The Atlantic Council of America's report on TTIP's benefits to the US, also argues that
"Beyond pure economics, TTIP also represents a key strategic opportunity for the EU and US. A truly ambitious game-changing agreement has the potential to send a powerful message to the rest of the world regarding transatlantic commitment to the development of global rules and standards."
TTIP would therefore, not only heighten the economic and regulatory power of the transatlantic partnership; it would renew its geopolitical position. US economist Kimberly Amadeo argues that "if the US and EU could iron out their differences, they could stand as a united front against market threats from the rest of the world."
4) A Fresh Impetus for Multilateral Trade Talks
It is widely accepted that WTO multilateral trade talks have failed to make significant headway in recent years. However in December 2013, WTO members in Bali came to an agreement on reducing global trade costs "by 10% for developed countries and 15% for developing countries", which is "the first time that all WTO member-states were able to come to an agreement since the 1994 Uruguay agreement that created the organization itself". This agreement incidentally, was agreed shortly after the announcement of TTIP.

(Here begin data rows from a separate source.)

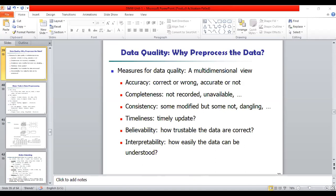This is what real-world data looks like. Real-world data is incomplete, noisy, and inconsistent. To handle this type of data, we need to pre-process it. If the data is clean and correct, then only the output will be correct. If the data is wrong, then the output is also wrong. These incomplete, noisy databases are commonplace properties of large real-world databases and data warehouses.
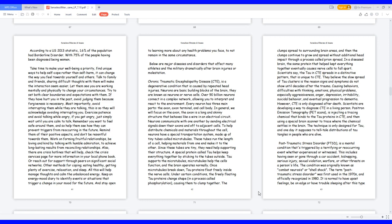Take time to make your well-being a priority. Find unique ways to help self-cope rather than self-harm, it can change the way you feel towards yourself and others. Talk to family and friends, sharing difficult thoughts with them will make the interaction seem easier. Let them see you are working mentally and physically to change your circumstances. Try to set both clear boundaries and expectations with them. If they have hurt you in the past, avoid judging them because forgiveness is necessary. Most importantly, avoid interrupting them while they are talking, this is so they will acknowledge avoiding interrupting you.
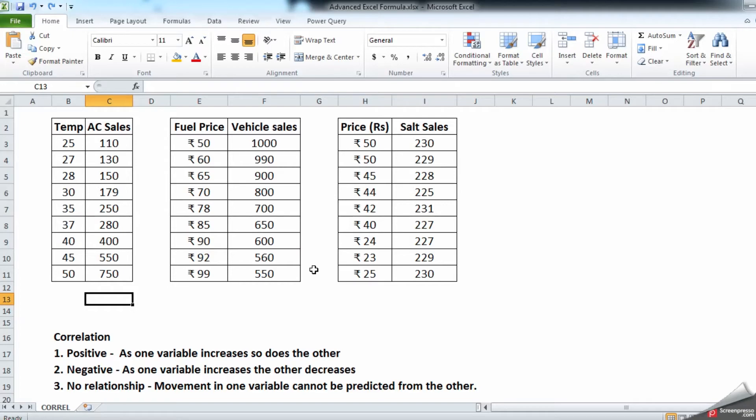but the sales remain constant. So the correlation can be three types: one is positive, second is negative, and the third is no relationship. The first positive example we have with the AC is as one variable increases so does the other, which means the temperature is going up and the sales is going up. Negative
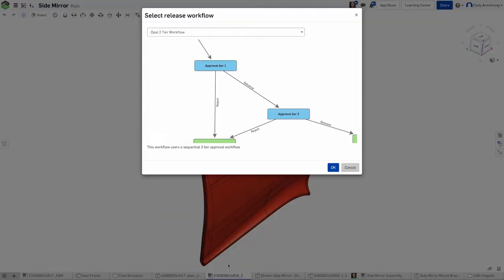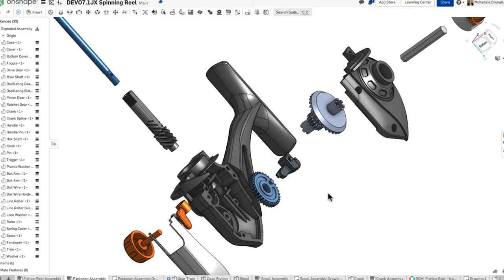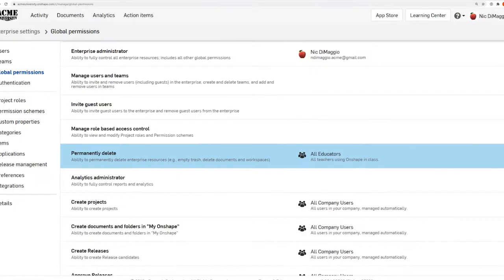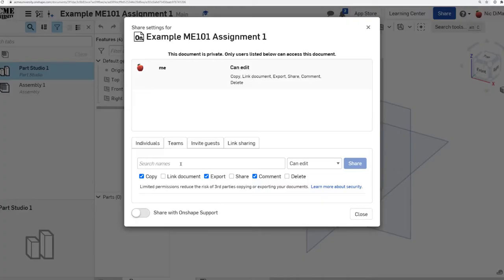sharing tips, tricks, best practices. Guaranteed, no matter who you are — even me — we're going to learn something about Onshape. We're going to learn about features, best practices, how to organize big companies, how to run our classrooms better. Whatever you're interested in, you're going to learn more at Onshape Live.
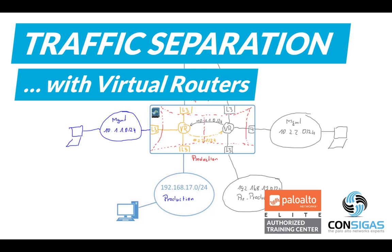Fully separating traffic is easy with the next-generation firewall, while with other vendors you might need dedicated virtual systems. With Palo Alto Networks, just adding another virtual router is enough. In a moment, I will show you the concept including inter-VR routing.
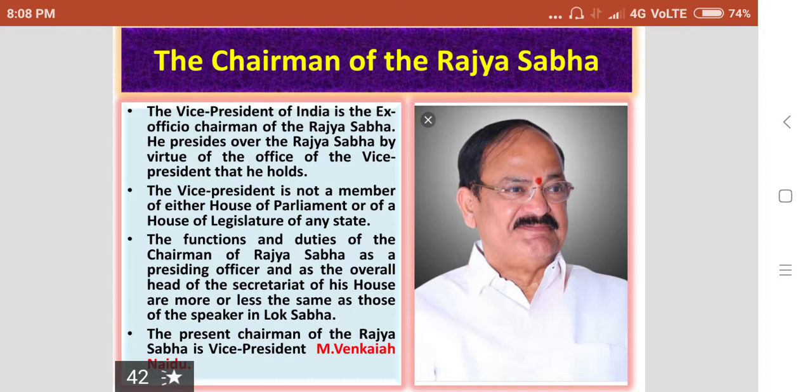The present Chairman of the Rajasabha is the Vice President of India, M. Venkaiya Nayedu.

Now, many argue that bilateral trade agreements such as TTIP may be a hindrance to the efficacy of the WTO. Yet, as Brett McGee of the Atlantic Council argues, Bali illustrates the opposite.

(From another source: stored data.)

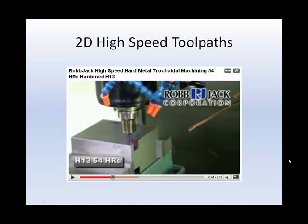2D high-speed toolpaths use small axial depths of cut combined with large linear depths of cut and extremely high feed rates to remove large volumes of material quickly while retaining excellent tool life.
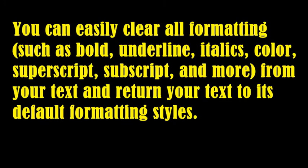You can easily clear all formatting, such as bold, underline, italics, color, superscript, subscript, and more, from your text and return your text to its default formatting styles.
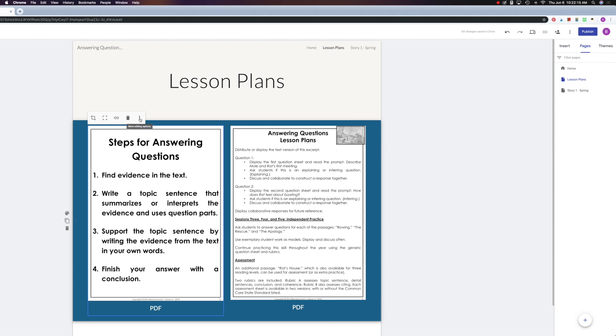Okay, until next time, have a great day, and stop back again to learn more about Google Sites in the classroom.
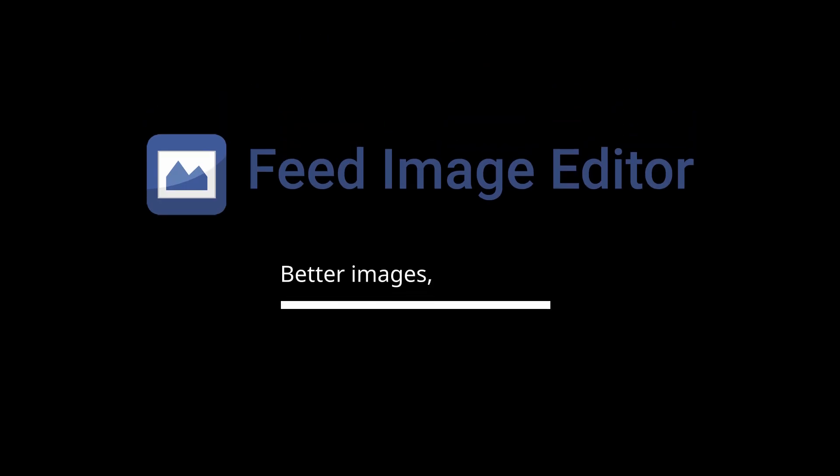Fit Image Editor. Better images, more sales.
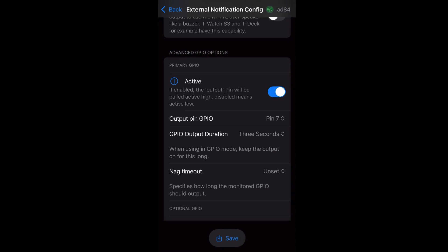And finally, set the GPIO output duration. Here in my example, I set it to 3 seconds, which means my LED will light up for 3 seconds whenever it receives a message or notification.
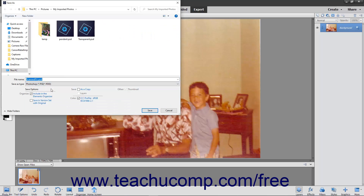You also have additional save options that appear in the Save Options section at the bottom of this dialog box. You can check any of these checkboxes that you want or have available to you, depending on the format selected. If you check the Include in the Elements Organizer checkbox, the image will be stored there as well. Finally, click the Save button in the dialog box to save the file to the selected folder location with the specified file format settings.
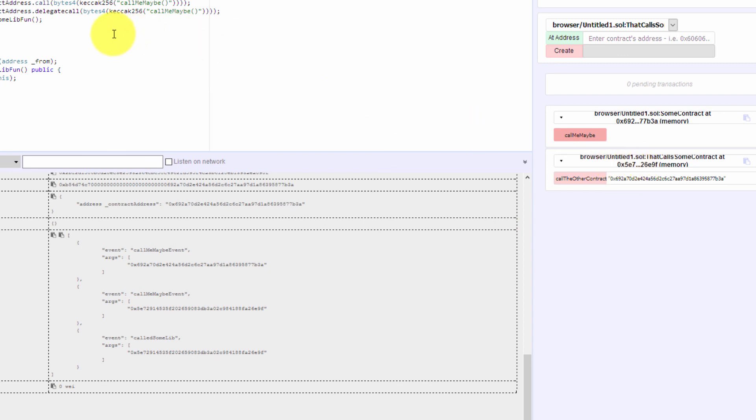And the third log, not really surprising, has the address from our CallsSomeContract as well because that's a library.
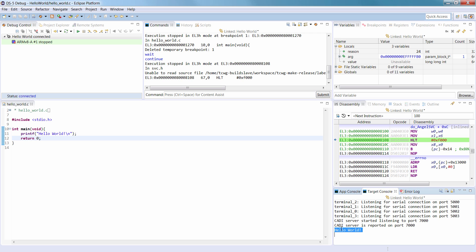To disconnect from a debug connection, you can either right-click the connection and select Disconnect from Target, or select the connection in the Debug Control view toolbar.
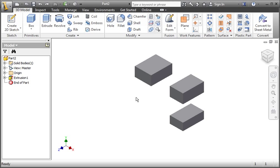In the last lesson, we created three separate pieces within a single part file, and I mentioned that we created three solid bodies. I just want to take a minute to clarify the difference between solid bodies and features with multiple separate pieces. This is actually a single feature with three separate pieces and not three solid bodies.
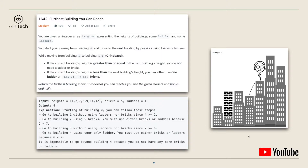The graph here is kind of misleading because from building one to two we can use the ladder, and then from building three to four we only need to use three bricks. But either way, the furthest building we can reach is still building four.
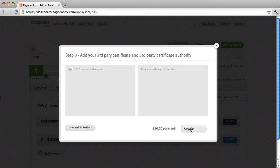You will take both of those and paste them here and then create your SSL. And that's how simple it is to add SSL to an application on Pagodabox. Thanks for watching.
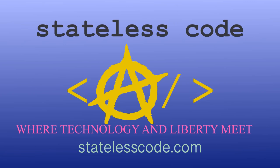Thanks for watching this Stateless CodeCast. Be sure to like, comment, subscribe, and spread the word. You can follow us on social media at stateless code. Until next time, keep coding and don't aggress against peaceful people or vote for others to do so on your behalf.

"When threatened by competition, the WTO actually stepped up. Negotiators went into overdrive, made important and reasonable compromises, and agreed on a package which will make trade easier, cheaper and more effective"
At a recent panel discussion at the German Council of Foreign Relations, Dr. Stormy-Annika Mildner, Managing Director or the Association of German Industry, assured attendees that TTIP would aim to give the WTO "a push" rather than hurt it. Rather than complicating regulatory rules, the agreement aims to simplify existing rules that can act as the benchmark for fresh multilateral initiatives.

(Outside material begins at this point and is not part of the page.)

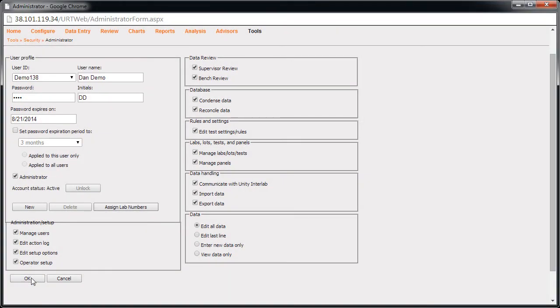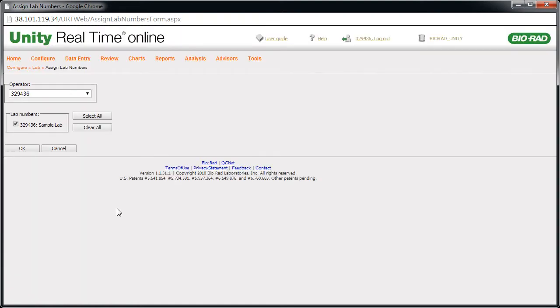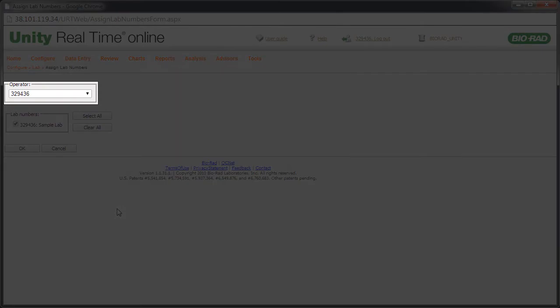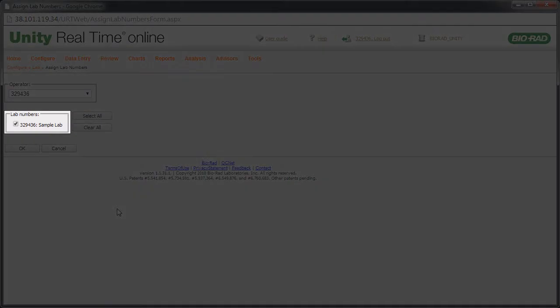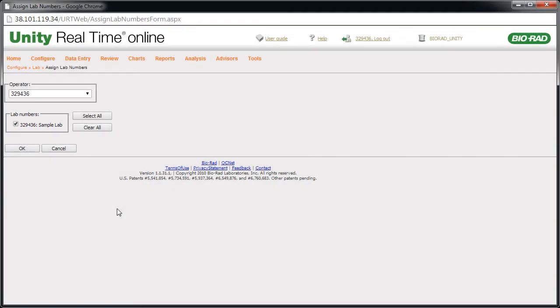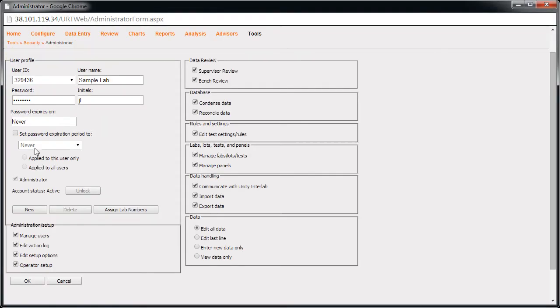Finish by assigning lab numbers to the user. This allows the user to view QC data in the software. Click the Assign Lab Numbers button. The Assign Lab Numbers page appears. Use the list to select the user you're setting up. Select one or more lab numbers to assign to the user. QC data is visible to the user based on these selections. Click OK. The user is now set up.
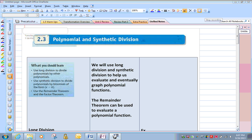Good evening, Bearcats. This is 2.3, Polynomial and Synthetic Division. We're going to do a lot of examples. This is a review from last year, and I want your skills built back.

Although it is likely that defense will not be included in negotiations, TTIP could provide the driving force behind a deeper and more integrated transatlantic defense market. Steve Williams suggests that TTIP would create a "favorable environment" from which greater defense cooperation could emerge.
Academic Daniel Fiott, in his article on TTIP and its impact on defense, asserts that
"Any TTIP extending to the defense sector will raise questions about the nature of the European Defense Technological and Industrial Base, and, crucially, how it impacts the North Atlantic Treaty Organization and the Common Security and Defense Policy."
Leo Michel of the Atlantic Council has reported that in line with the projected growth predicted by the UK CFER,
"If the 28 EU members simply were to keep their current average rate of defense spending—roughly 1.5 percent of GDP—the projected TTIP boost could produce an extra $2-2.5 billion annually, or $20-25 billion over a decade, for military capabilities".
He also notes that proponents "hope the TTIP will knock down various US legal and administrative obstacles to a more balanced transatlantic defense industrial trade and technology partnerships".
For its supporters, the jewel in TTIP's crown is the vastly expanded and deepened trade and especially investment that it will bring. The benefits for companies, both large and small, would be tremendous. This process can signal the resurgence of Western power through revitalized markets. As a consequence, the transatlantic economic values can carry more weight when considering global trade.